Pictures excluded, reproduce exactly the lines below from the one with "2023 LAND Rover DEFENDER — миниатюра 94" through the one with "Bakı, Binəqədi r., 9-cu", both included.

DATA:
——
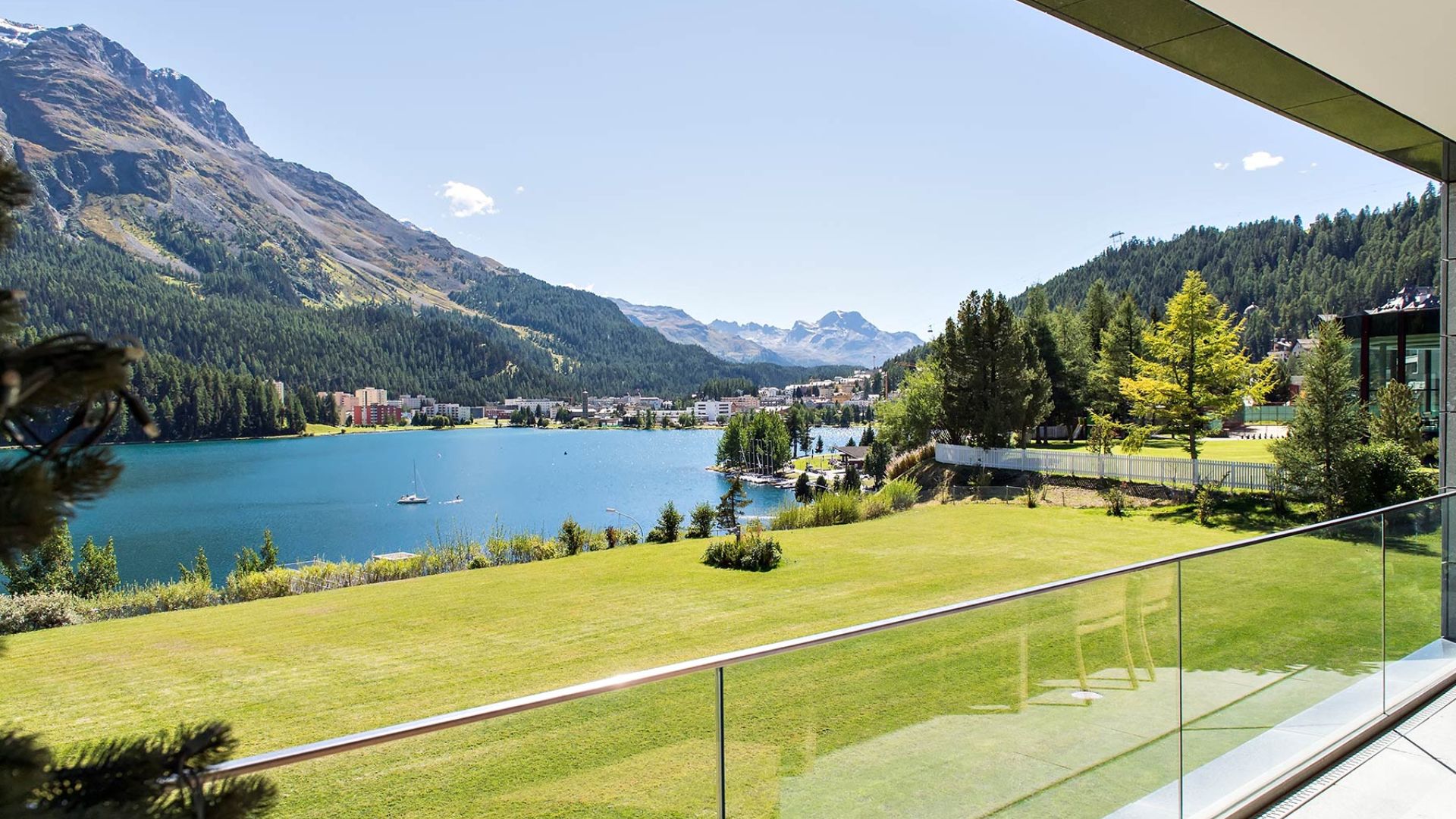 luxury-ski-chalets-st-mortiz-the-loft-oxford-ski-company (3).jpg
——
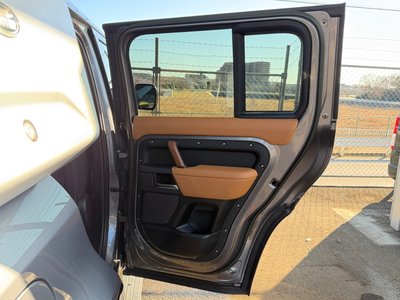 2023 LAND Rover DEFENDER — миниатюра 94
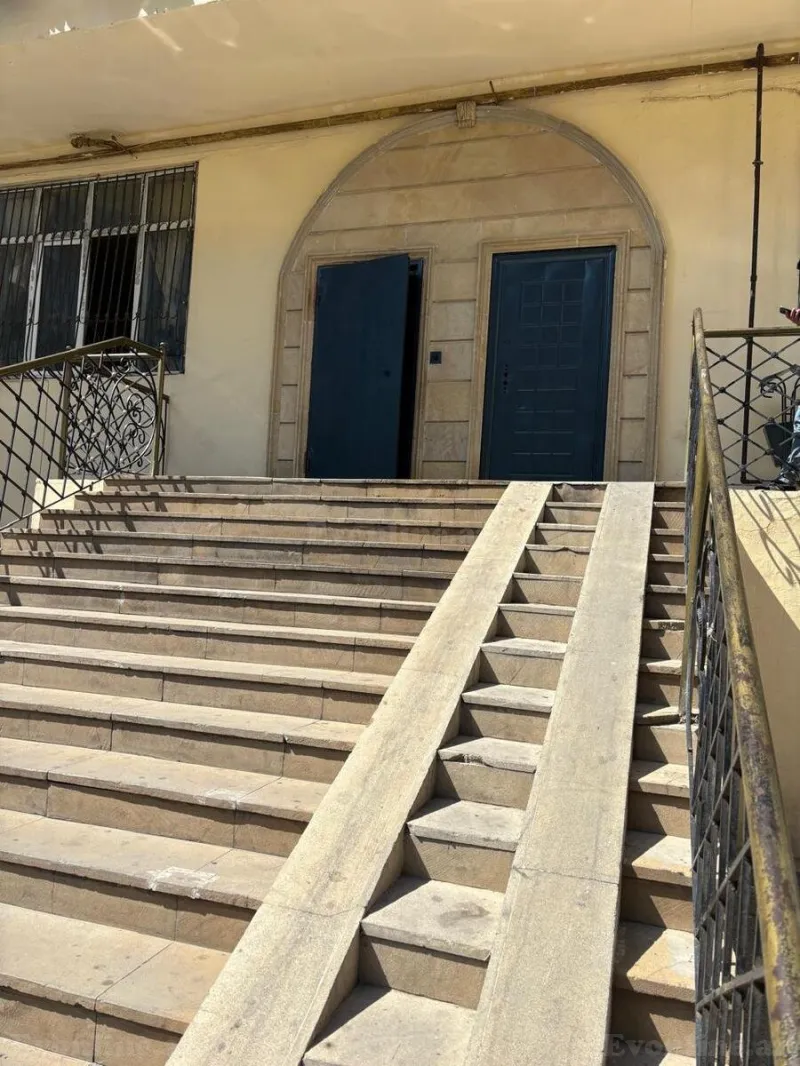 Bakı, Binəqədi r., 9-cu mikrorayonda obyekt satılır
——
TASK RESPONSE:
 2023 LAND Rover DEFENDER — миниатюра 94
 Bakı, Binəqədi r., 9-cu mikrorayonda obyekt satılır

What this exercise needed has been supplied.